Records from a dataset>

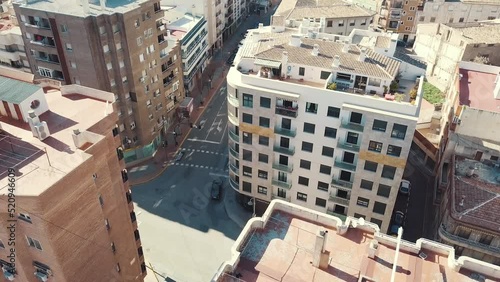 Drone shot of driving cars on junction surrounded by high-rise buildings during summer - Caravaca de La Cruz,Spain photo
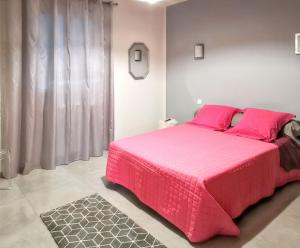 a bedroom with a large pink bed with pink pillows at Appartement spacieux à Bastia avec vue mer et montagne. in Bastia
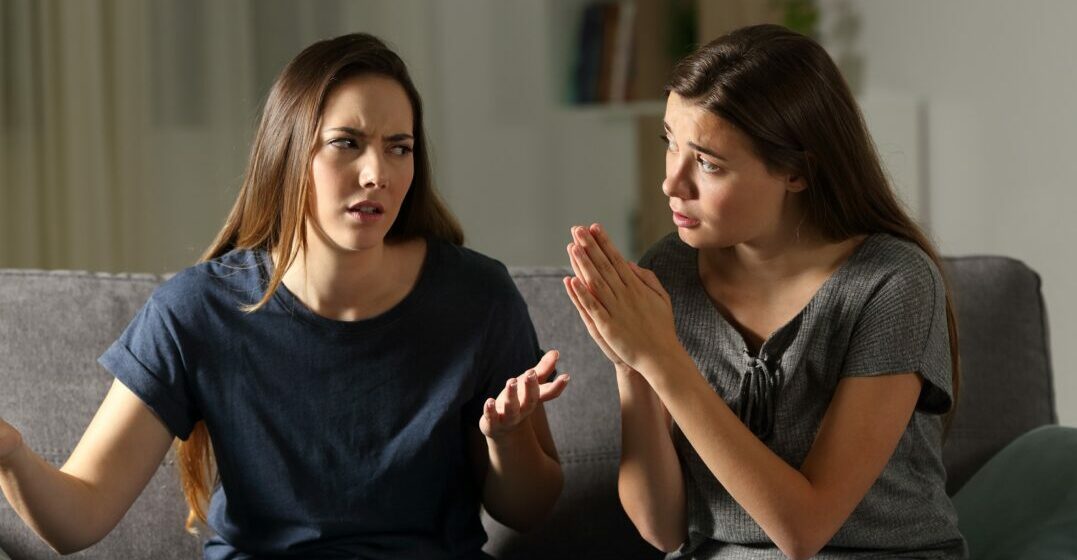 Two women on a couch one is saying sorry in Spanish to the other
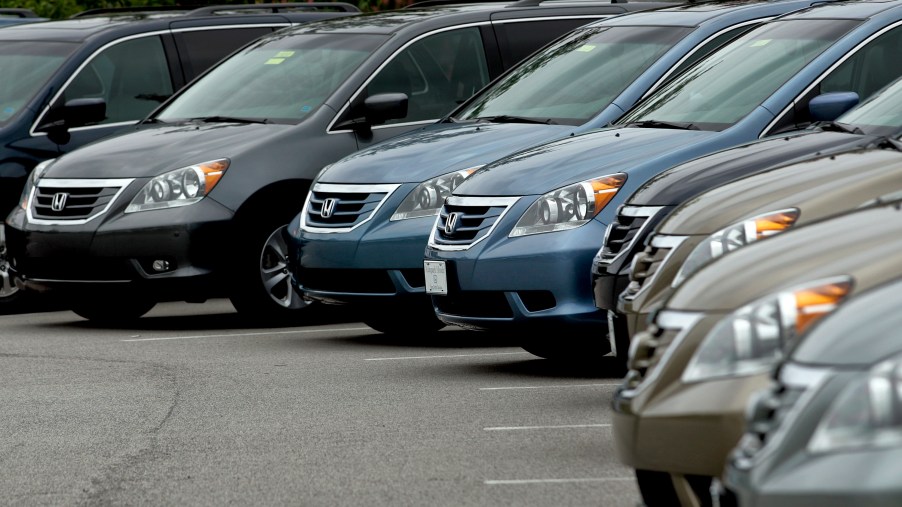 2010 Honda Odyssey minivan models in a used car lot somewhere in 2010.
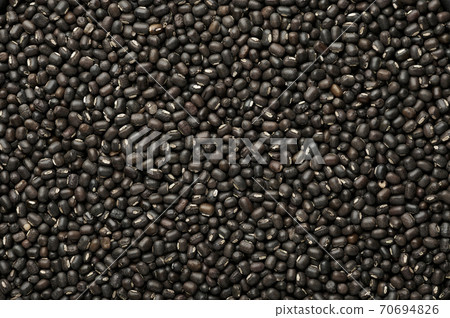 Black Gram or Urad Beans or Mung Beans texture. Vigna Mungo is popular indian cuisine food. 70694826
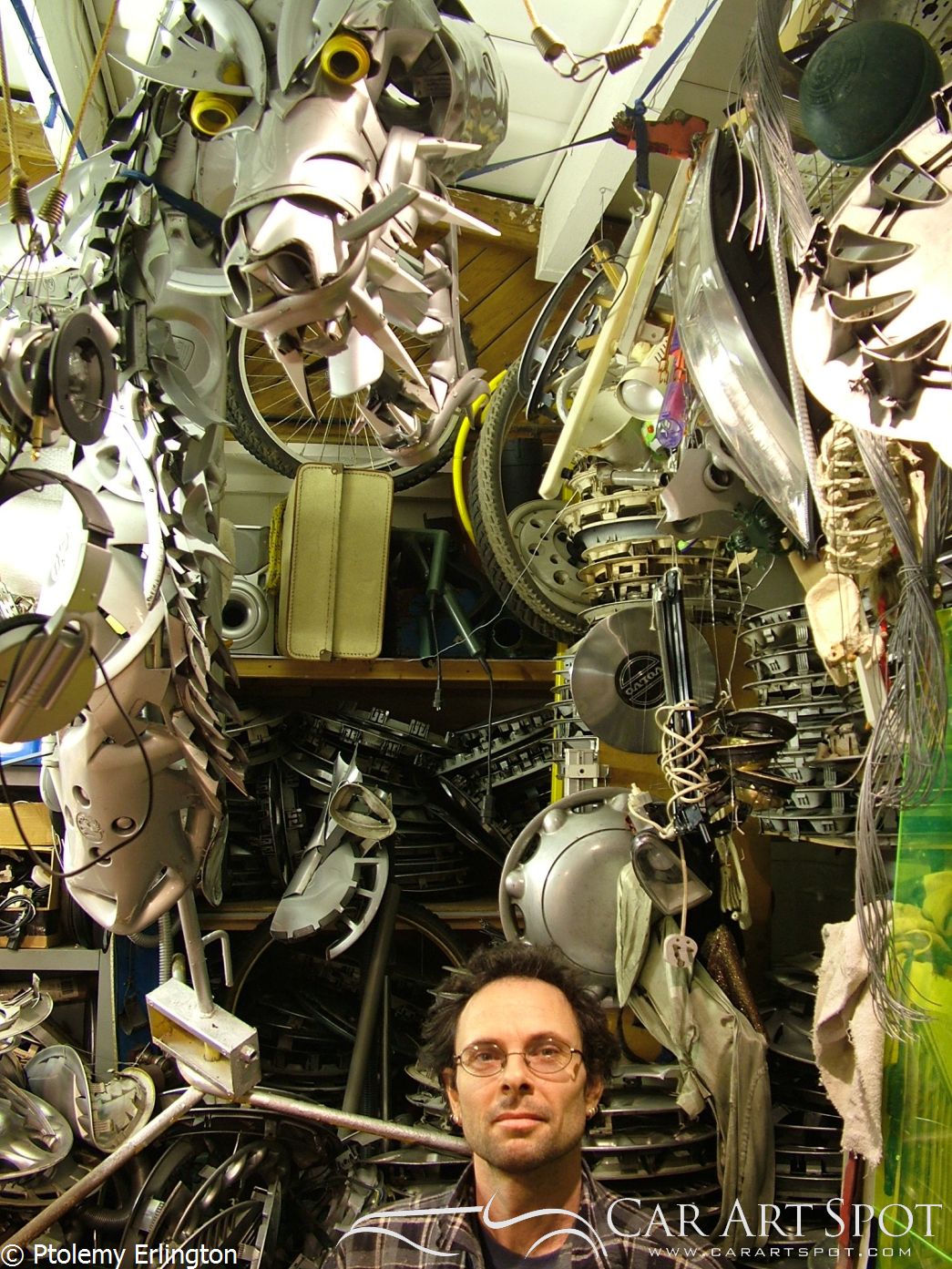 Ptolemy Erlington surrounded by his hubcap art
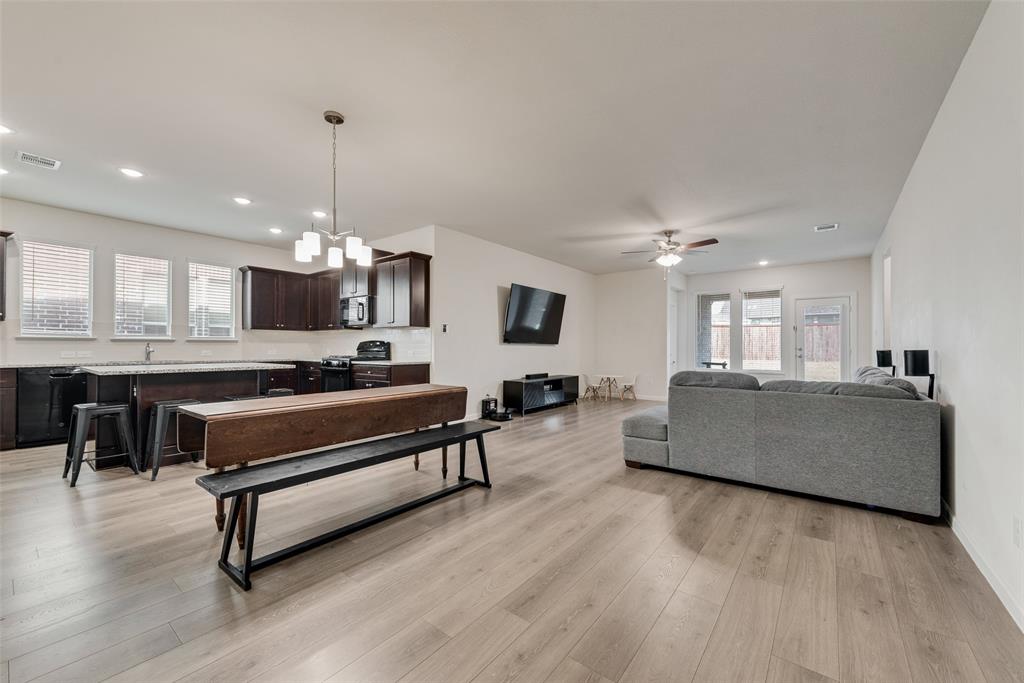 624 Hazeltine Road Red Oak, TX 75154 - Photo 11 of 37 a living room with furniture a table and kitchen view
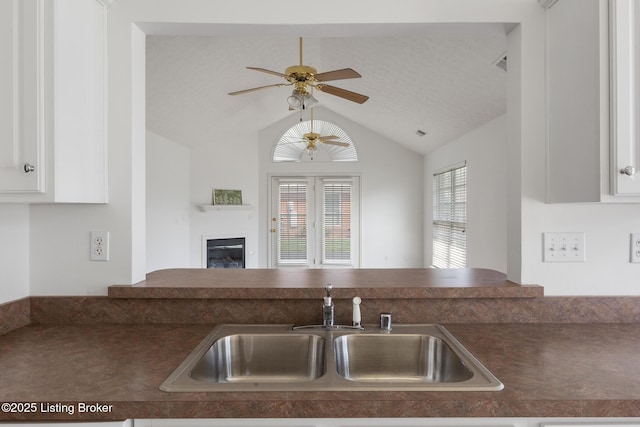 10436 Monticello Forest Cir, Louisville, KY 40299 - kitchen with a ceiling fan, dark countertops, a sink, white cabinets, and lofted ceiling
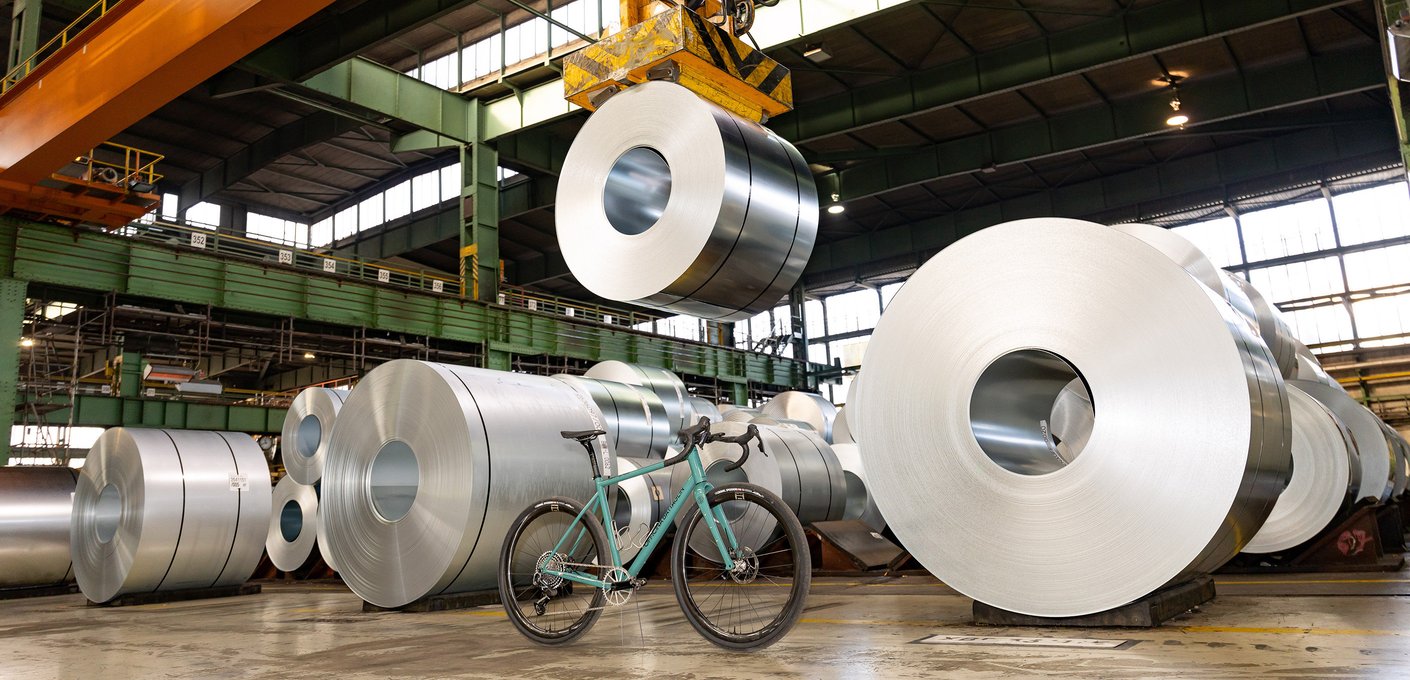 A steel bicycle stands between large, stacked steel coils in an industrial hall, while one coil is being lifted by a crane.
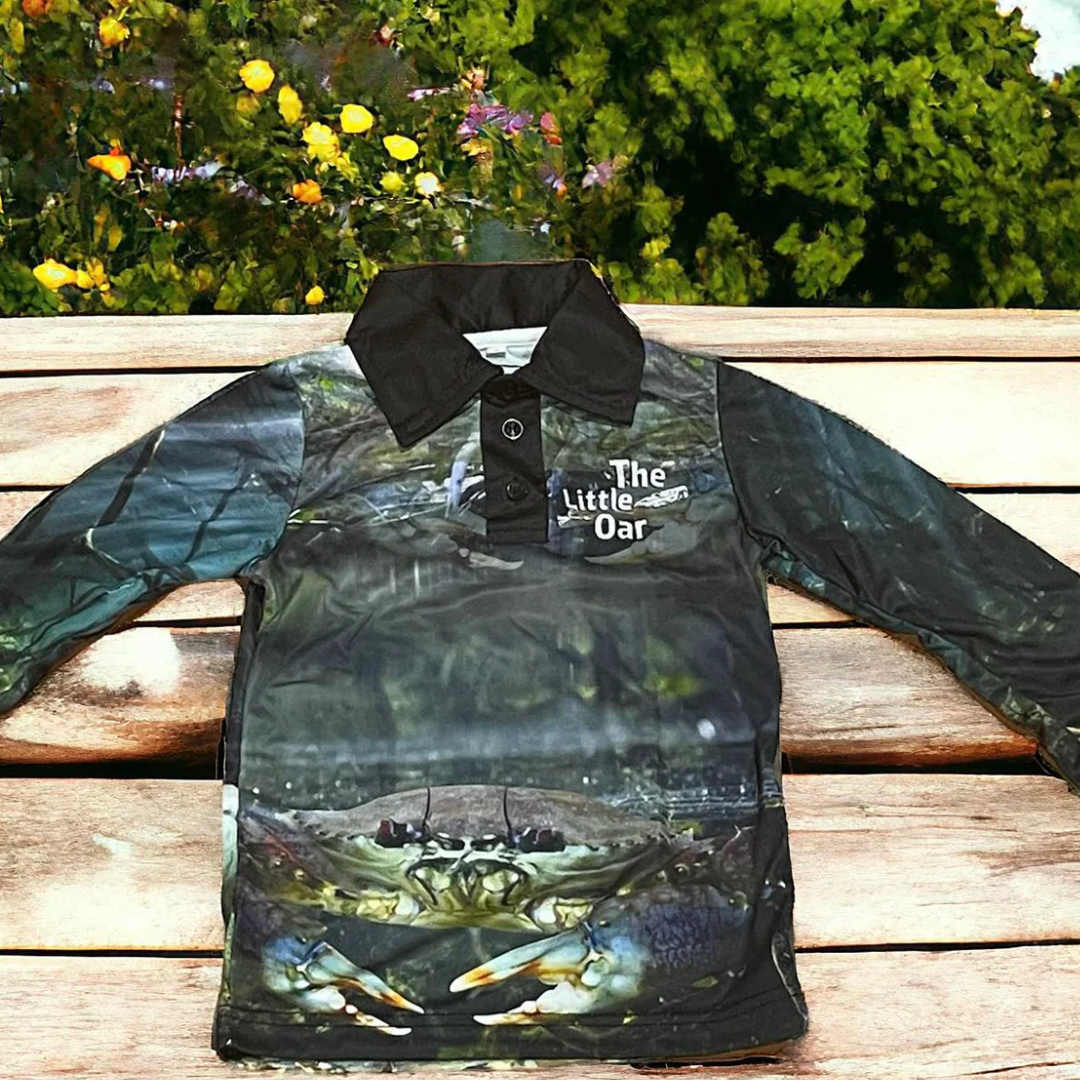 The Dirty Oars Mud Crab Kids Fishing Shirt on a wooden background with some flowers.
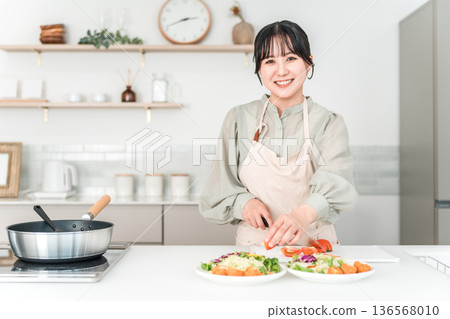 年輕的亞裔女子穿著圍裙在廚房做飯 年輕的亞裔女子穿著圍裙在廚房做飯 136568010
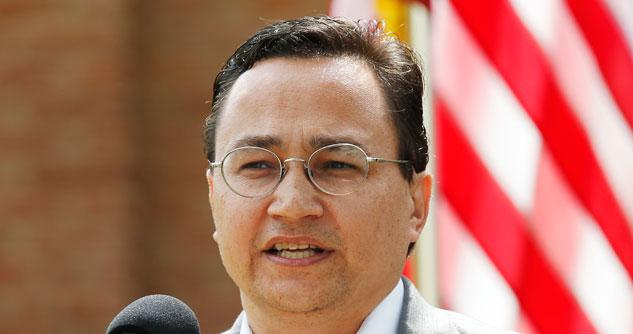 Man with glasses standing in front of a microphone with an American flag in the background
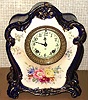 Ansonia Clock Co., C.1905, Royal Bonn, "LA MURE" porcelain china cased clock, with 8-day, gong strike mov't with one piece porcelain dial, the case in dark cobalt blue with gold highlights and floral decorations.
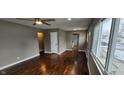 Spacious living room with dark hardwood floors and neutral walls at 11 Eastridge Dr, Greenwood, IN 46143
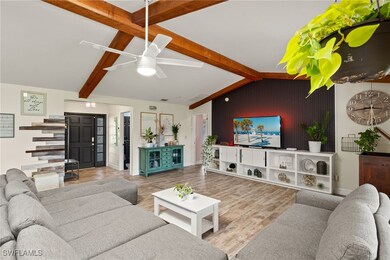 Living room featuring ceiling fan, wood-type floor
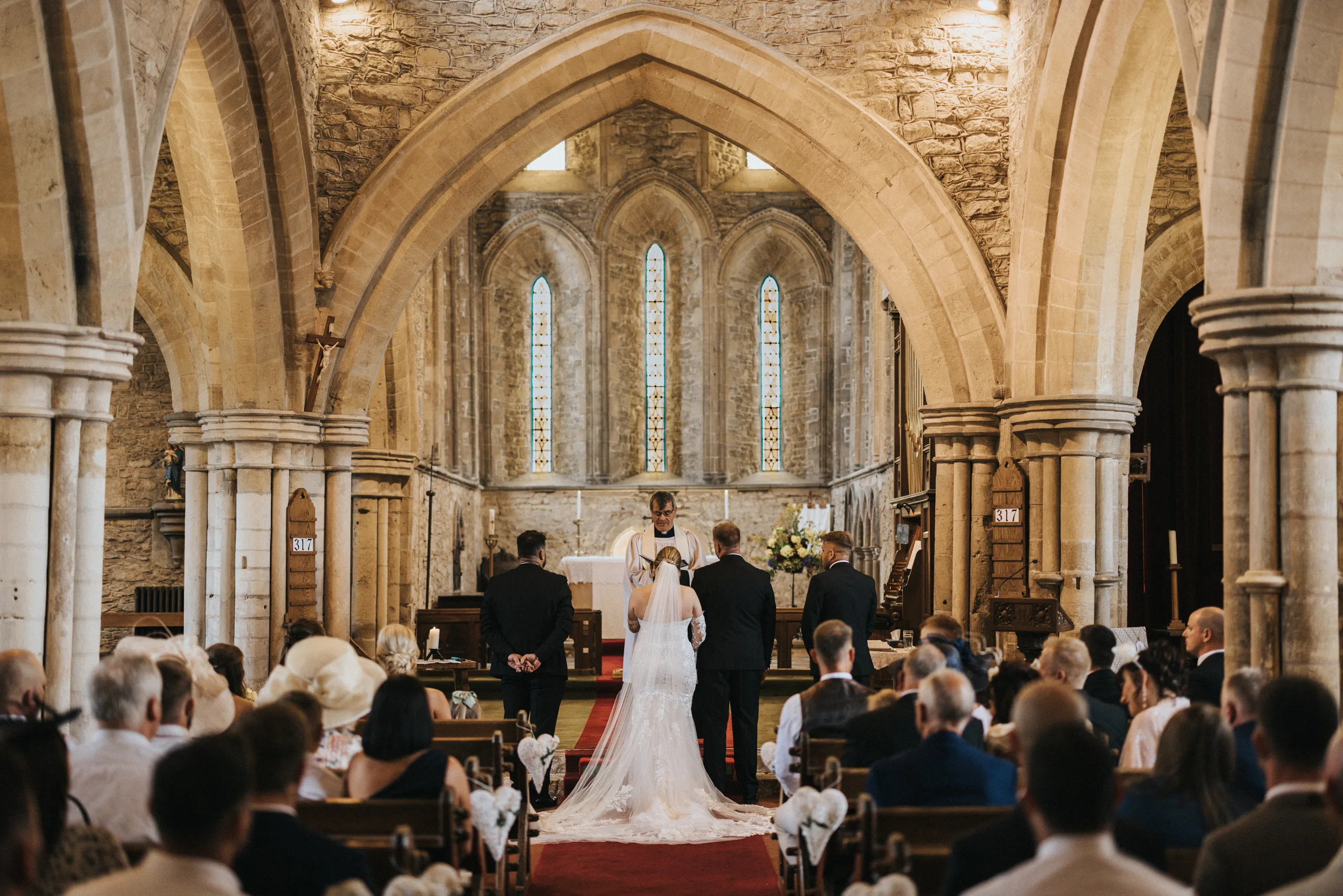 A bride and groom stand at the altar in a historic stone church at Elsham Hall, flanked by attendants as the wedding photographer captures every moment. Warm light streams through stained-glass windows, highlighting the arched architecture. © Aimee Lince Photography, Lincolnshire photographer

Assigned task>
The data above needs to be retyped exactly, with the images left out.

Final answer>
 Drone shot of driving cars on junction surrounded by high-rise buildings during summer - Caravaca de La Cruz,Spain photo
 a bedroom with a large pink bed with pink pillows at Appartement spacieux à Bastia avec vue mer et montagne. in Bastia
 Two women on a couch one is saying sorry in Spanish to the other
 2010 Honda Odyssey minivan models in a used car lot somewhere in 2010.
 Black Gram or Urad Beans or Mung Beans texture. Vigna Mungo is popular indian cuisine food. 70694826
 Ptolemy Erlington surrounded by his hubcap art
 624 Hazeltine Road Red Oak, TX 75154 - Photo 11 of 37 a living room with furniture a table and kitchen view
 10436 Monticello Forest Cir, Louisville, KY 40299 - kitchen with a ceiling fan, dark countertops, a sink, white cabinets, and lofted ceiling
 A steel bicycle stands between large, stacked steel coils in an industrial hall, while one coil is being lifted by a crane.
 The Dirty Oars Mud Crab Kids Fishing Shirt on a wooden background with some flowers.
 年輕的亞裔女子穿著圍裙在廚房做飯 年輕的亞裔女子穿著圍裙在廚房做飯 136568010
 Man with glasses standing in front of a microphone with an American flag in the background
 Ansonia Clock Co., C.1905, Royal Bonn, "LA MURE" porcelain china cased clock, with 8-day, gong strike mov't with one piece porcelain dial, the case in dark cobalt blue with gold highlights and floral decorations.
 Spacious living room with dark hardwood floors and neutral walls at 11 Eastridge Dr, Greenwood, IN 46143
 Living room featuring ceiling fan, wood-type floor
 A bride and groom stand at the altar in a historic stone church at Elsham Hall, flanked by attendants as the wedding photographer captures every moment. Warm light streams through stained-glass windows, highlighting the arched architecture. © Aimee Lince Photography, Lincolnshire photographer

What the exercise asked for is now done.